-------- Given records --------

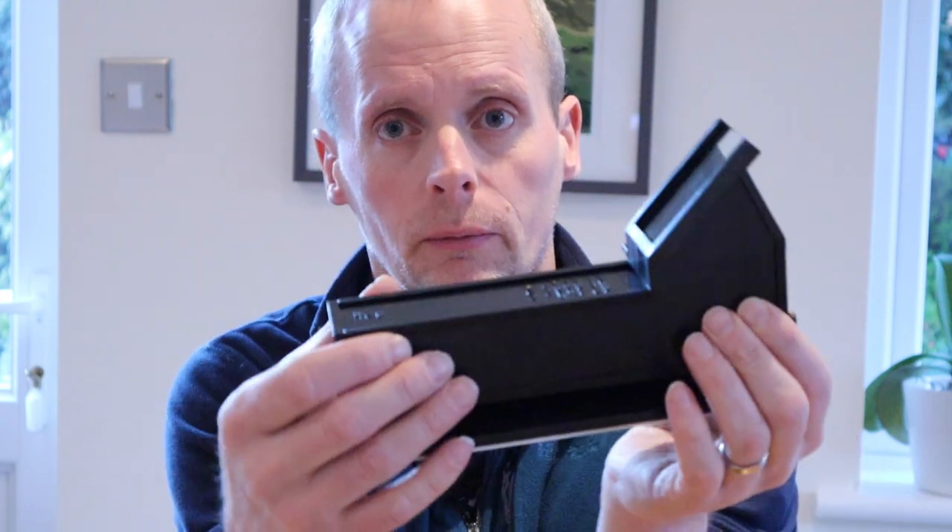Hello, welcome to the second video from Love the Night Sky, and in today's video I am going to be looking at a Telrad Finder Scope.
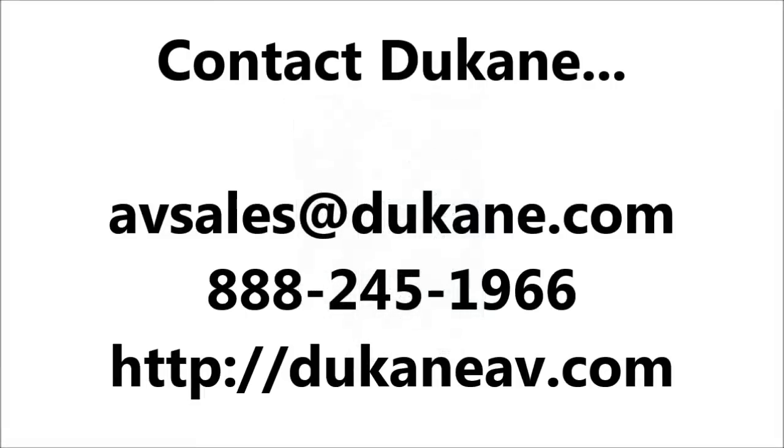Call or email us today to request a quote from your local dealer.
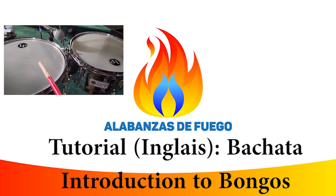For today's lesson we'll be going over some basics of pachata playing on the bongos. Welcome everyone to A La Banza de Fuego. My name is Jake. Please click the like and subscribe buttons.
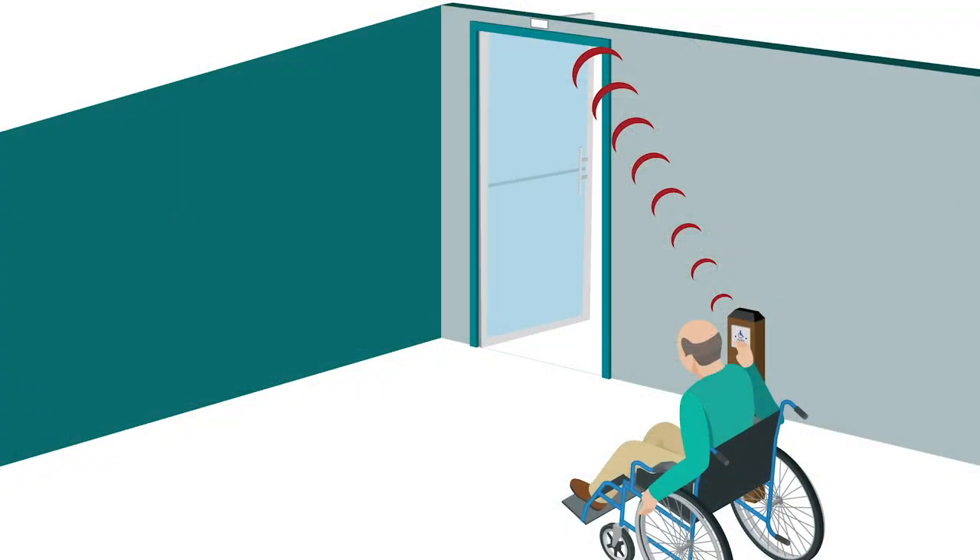When paired with BEA push plates, installation time is reduced by eliminating the need to run wires from the push plate or using additional mounting hardware.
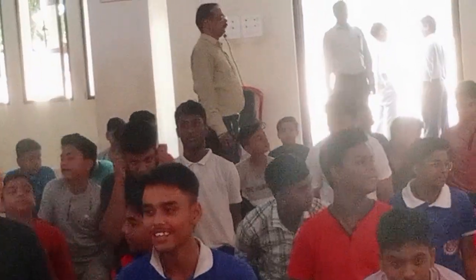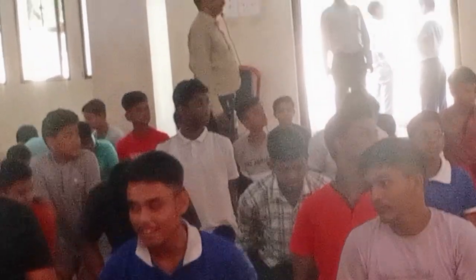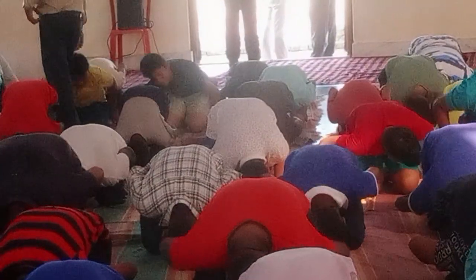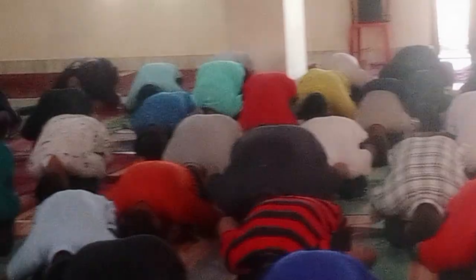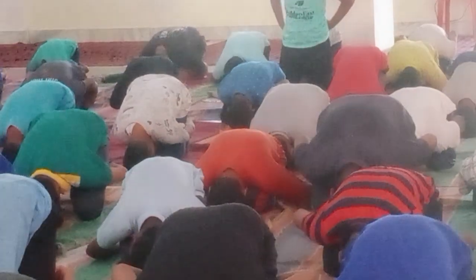Inhale. Bend for one, straight your foot down. One, two, three, two, five, six, seven, eight.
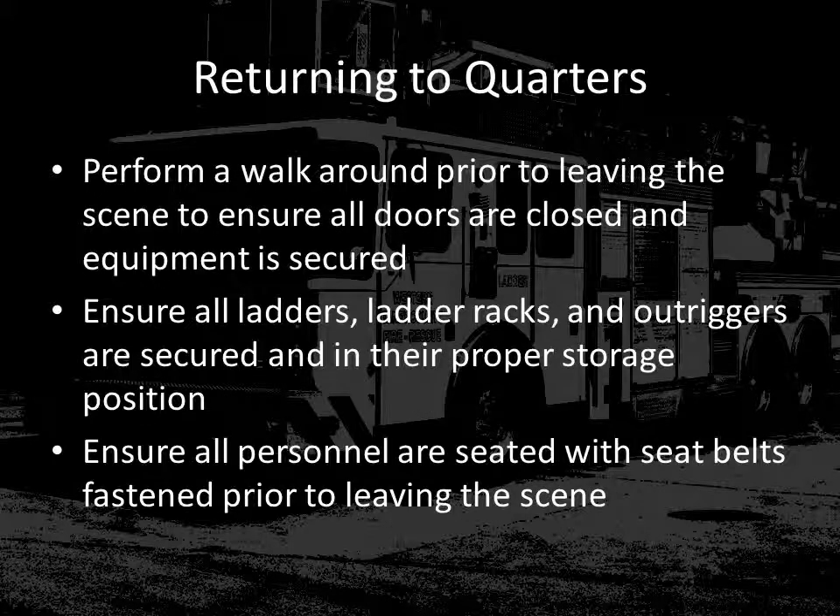Once the call is completed and it's time to return to quarters, make sure that you perform a 360 walk-around of the apparatus. Pay special attention that the outriggers are secured, that all jack plates and blocks are picked up and stored in their appropriate locations, that the rescue basket is returned to its down position, and anything else that could cause damage to the apparatus on the road. Make sure that ladder racks and outriggers are all where they're supposed to be prior to leaving the scene. When returning to quarters, before the vehicle moves, remember it is the driver's responsibility to ensure that all personnel riding on the apparatus are seated with their seatbelts fastened.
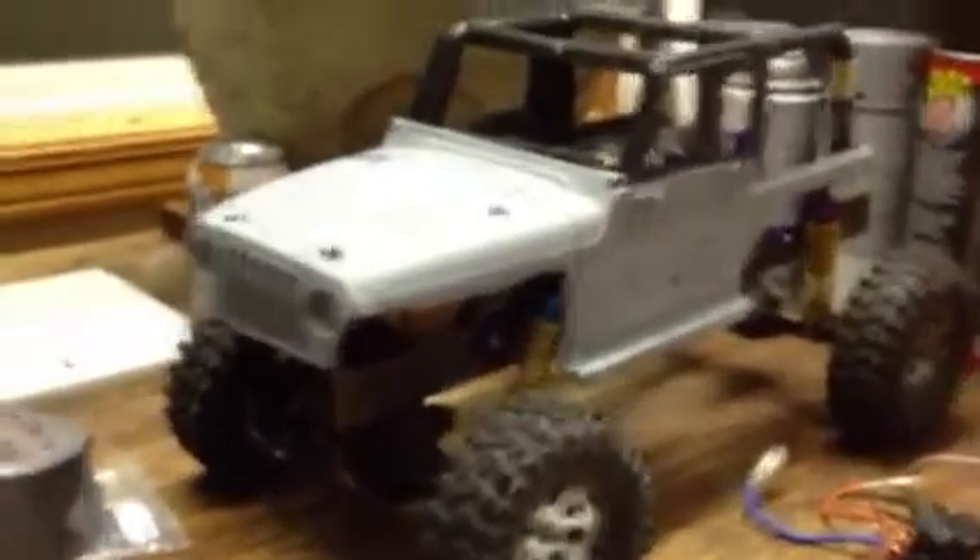I'm also gonna get a different body. This body looks like crap — I painted it and it's really crappy. I'm just gonna get a completely new body, cause this one's all ghetto-rigged. I'm gonna get a Jeep Comanche body, I think.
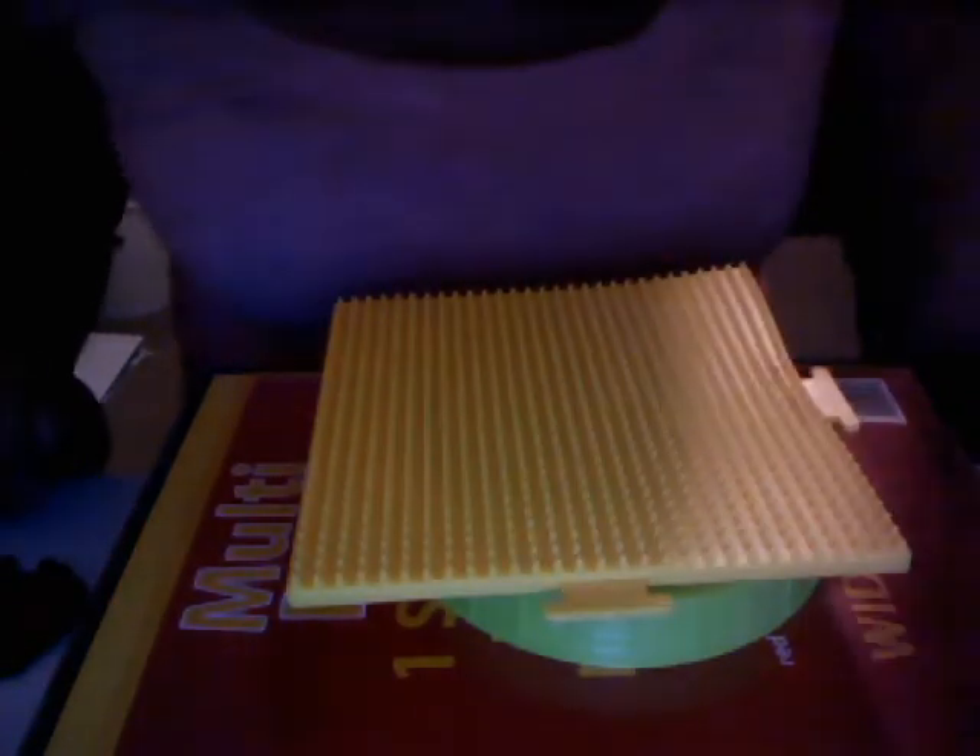Hi YouTube, this is my perler bead tutorial video and we're gonna make this little Angry Bird guy. Perler beads are these things you put on peg boards — you make designs, then you put wax paper on top and iron it, and it irons into whatever you created. You'll need your iron on medium-high, or the cotton-linen setting.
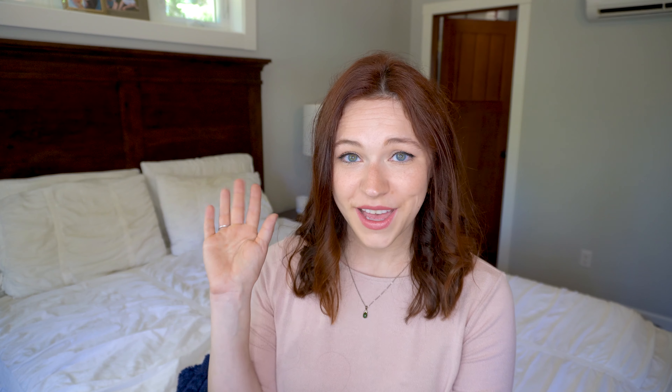I think that's going to do it for my knitting update. I hope you guys enjoyed this video — if you did, certainly give it a thumbs up and subscribe if you'd like to see more. Thank you so much for hanging out with me today, and I will see you in my next video. Bye!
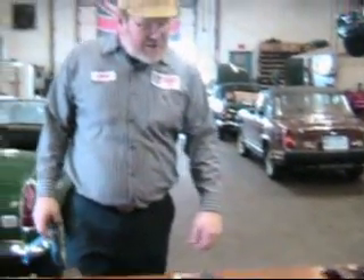Hi, I'm John Twist of University Motors, and today I want to talk about gearbox fixing — that is, how the crossmembers, which are laid out here in front of me, actually attach to the MGBs and how you get everything straightened out.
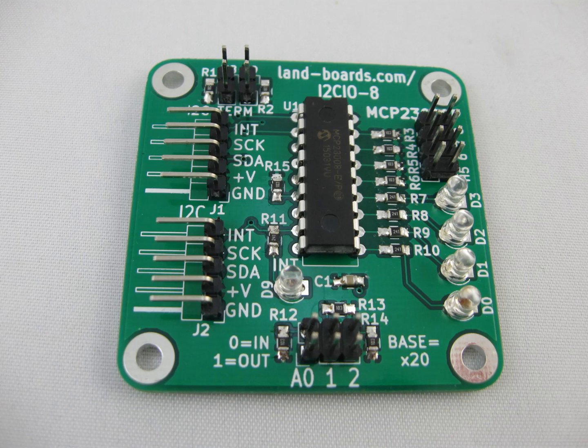On the left side of the card the two connectors are a daisy chain set of I2C interface connections with an interrupt line from the MCP23008. The two connectors are wired together but you can easily daisy chain other I2C cards without messing around with cabling.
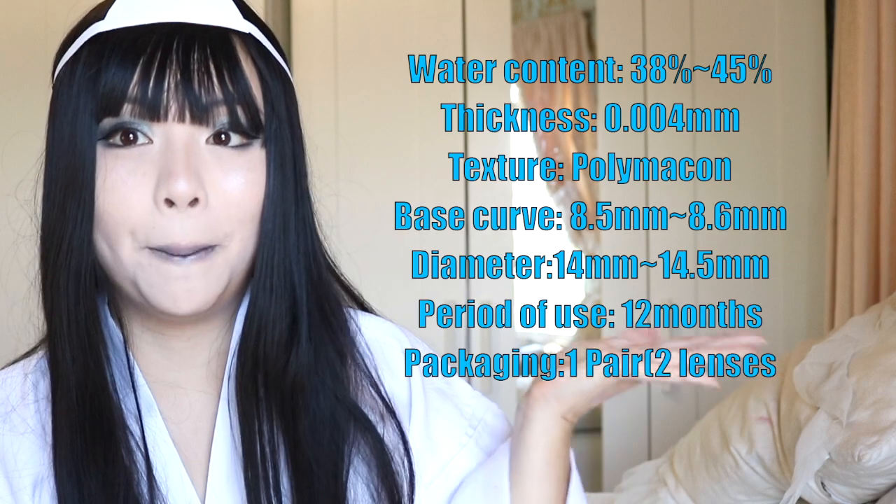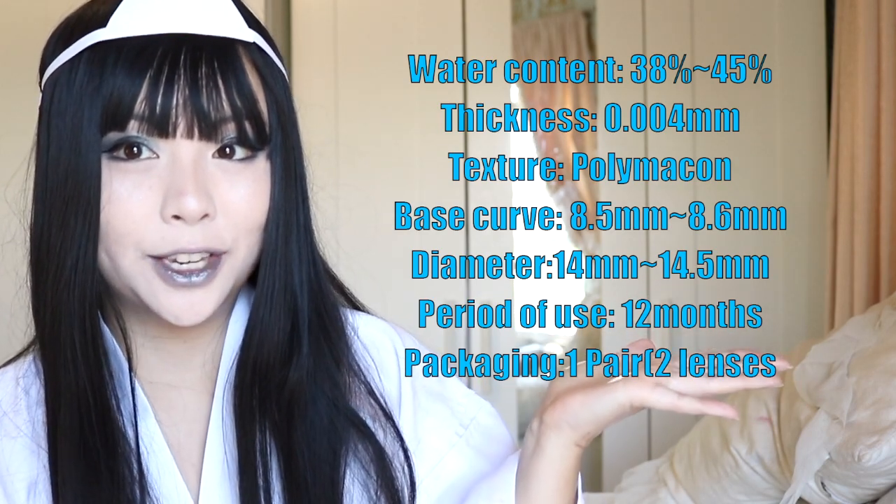I chose to review the Real Crystal in plano, which means zero prescription in each eye, even though I do have a little bit of a problem with my vision, but there were overseas prescription issues. I'll go ahead and pop some info about these contact lenses on screen for you guys to read.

--------

▶ _What the task asks_: Transcribe all of the data above verbatim but omit every picture.

▶ _Exercise output_:
Hello, welcome to the second video from Love the Night Sky, and in today's video I am going to be looking at a Telrad Finder Scope.
Call or email us today to request a quote from your local dealer.
For today's lesson we'll be going over some basics of pachata playing on the bongos. Welcome everyone to A La Banza de Fuego. My name is Jake. Please click the like and subscribe buttons.
When paired with BEA push plates, installation time is reduced by eliminating the need to run wires from the push plate or using additional mounting hardware.
Inhale. Bend for one, straight your foot down. One, two, three, two, five, six, seven, eight.
Once the call is completed and it's time to return to quarters, make sure that you perform a 360 walk-around of the apparatus. Pay special attention that the outriggers are secured, that all jack plates and blocks are picked up and stored in their appropriate locations, that the rescue basket is returned to its down position, and anything else that could cause damage to the apparatus on the road. Make sure that ladder racks and outriggers are all where they're supposed to be prior to leaving the scene. When returning to quarters, before the vehicle moves, remember it is the driver's responsibility to ensure that all personnel riding on the apparatus are seated with their seatbelts fastened.
I'm also gonna get a different body. This body looks like crap — I painted it and it's really crappy. I'm just gonna get a completely new body, cause this one's all ghetto-rigged. I'm gonna get a Jeep Comanche body, I think.
Hi YouTube, this is my perler bead tutorial video and we're gonna make this little Angry Bird guy. Perler beads are these things you put on peg boards — you make designs, then you put wax paper on top and iron it, and it irons into whatever you created. You'll need your iron on medium-high, or the cotton-linen setting.
I think that's going to do it for my knitting update. I hope you guys enjoyed this video — if you did, certainly give it a thumbs up and subscribe if you'd like to see more. Thank you so much for hanging out with me today, and I will see you in my next video. Bye!
Hi, I'm John Twist of University Motors, and today I want to talk about gearbox fixing — that is, how the crossmembers, which are laid out here in front of me, actually attach to the MGBs and how you get everything straightened out.
On the left side of the card the two connectors are a daisy chain set of I2C interface connections with an interrupt line from the MCP23008. The two connectors are wired together but you can easily daisy chain other I2C cards without messing around with cabling.
I chose to review the Real Crystal in plano, which means zero prescription in each eye, even though I do have a little bit of a problem with my vision, but there were overseas prescription issues. I'll go ahead and pop some info about these contact lenses on screen for you guys to read.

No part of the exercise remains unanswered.